Ein gutes Jahrhundert später gibt es sie immer noch, die Damenimitatorinnen auf der deutschen Musiktheaterbühne. Und sie treten immer noch in Szenelokalitäten auf, um dort das moderne Leben aus einer anderen Perspektive zu betrachten und zu besingen. Erheiterung (und auch Belehrung) der Allgemeinheit. Einer, der das seit Jahren tut und in Berlin absoluten Kultstatus erlangt hat, ist Ades Zabel. Als Kunstfigur Edith Schröder aus Neukölln stellt er mit immer wieder neuen Stücken Glanz und Elend einer Hartz-VIII-Empfängerin dar, mit eigenen Patchwork-Musicals, bei denen meist Bernd Mottl Regie führt. Nach mehreren Höhenflügen in jüngster Vergangenheit ist Zabel mit seinen Mitstreiterinnen Biggy van Blond und Bob Schneider zurück, um das Spektakel Fly, Edith, Fly zu präsentieren. Eine BER-Show mit allen dazugehörigen Desastern, inklusive Bruchlandung auf Mallorca und Nacktflugangeboten von Schönefeld bei einer Fluggesellschaft namens EditJet.

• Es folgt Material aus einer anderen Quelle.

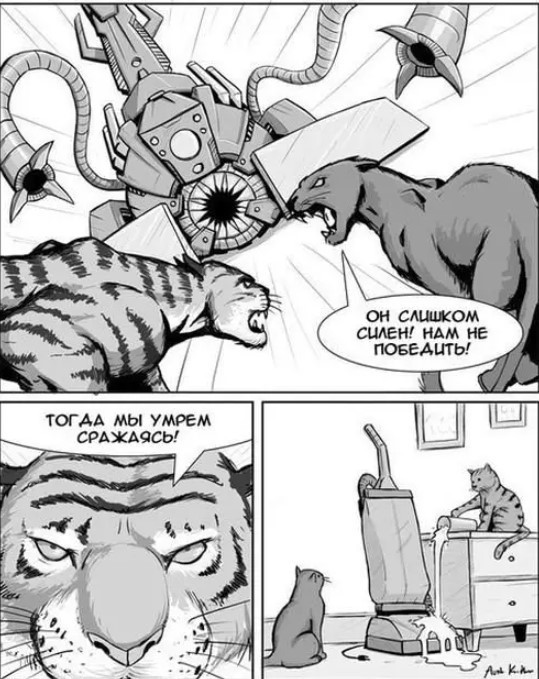 К котовторнику: подборка картинок-баянов с котиками и про котиков. Выпуск 37.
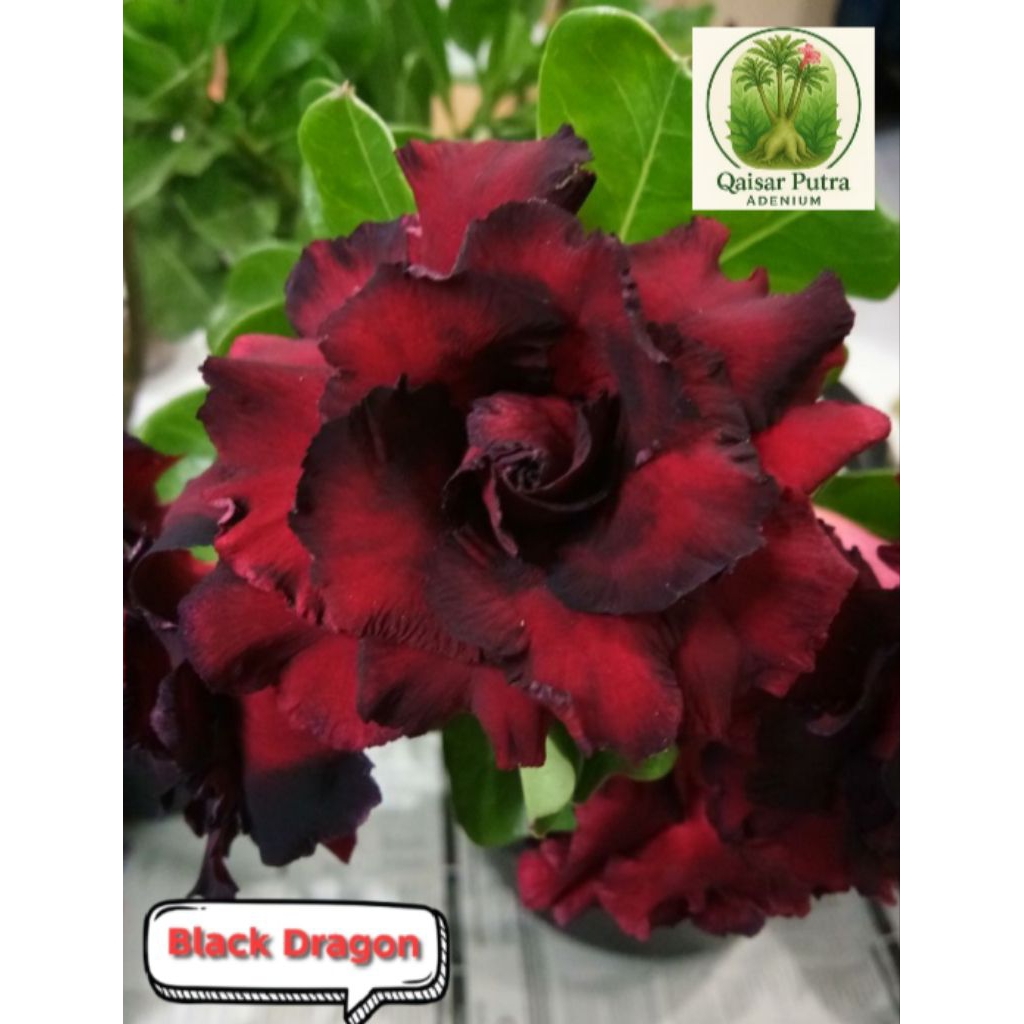 Adenium grafthing bunga tumpuk/single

Das hätte sehr lustig werden können, denn selbstverständlich sind Zabel, Blond und Schneider als Stewardessen-Team über den Lüften ein Comedy-Traum, mit Roman Shamov als dauerbesoffenem Kapitän. Aber Regisseur Mottl und die Textautoren haben es sich mit Vom Ballermann zum BER dann doch sehr einfach gemacht und alle bereits tausendmal gesehenen dramaturgischen Tricks nochmal hervorgeholt, um eine ewig gleiche Geschichte zu erzählen: Edith Schröder verlässt Neukölln, landet irgendwo in der Fremde, absolviert dort eine schräge Schlagerparade (mit viel Helene-Fischer- und Andrea-Berg-Musik) und manövriert sich am Ende wieder zurück nach Hause. Weil’s da doch am schönsten ist. Selbst wenn’s überall vor Hipstern wimmelt, die aber inzwischen weiterzuziehen scheinen – nach Spandau!
Zugegeben, das Ganze servieren die drei Cross-Dresser mit vielen musikalischen Einlagen auch diesmal gekonnt. Und ich habe ihnen durchweg gerne zugesehen. Aber in der Ausarbeitung ist dieses neue Stück doch weit unterm Durchschnitt. Besonders was die geradezu haarsträubend banale Musikauswahl betrifft. Das ist inzwischen jenseits von Trash angesiedelt, was schade ist. Denn die drei Damendarsteller sind blendende Entertainerinnen und wissen genau, wie man Songs gut über die Rampe bringt. Nicht umsonst ist ihre aktuelle Show immer ausverkauft.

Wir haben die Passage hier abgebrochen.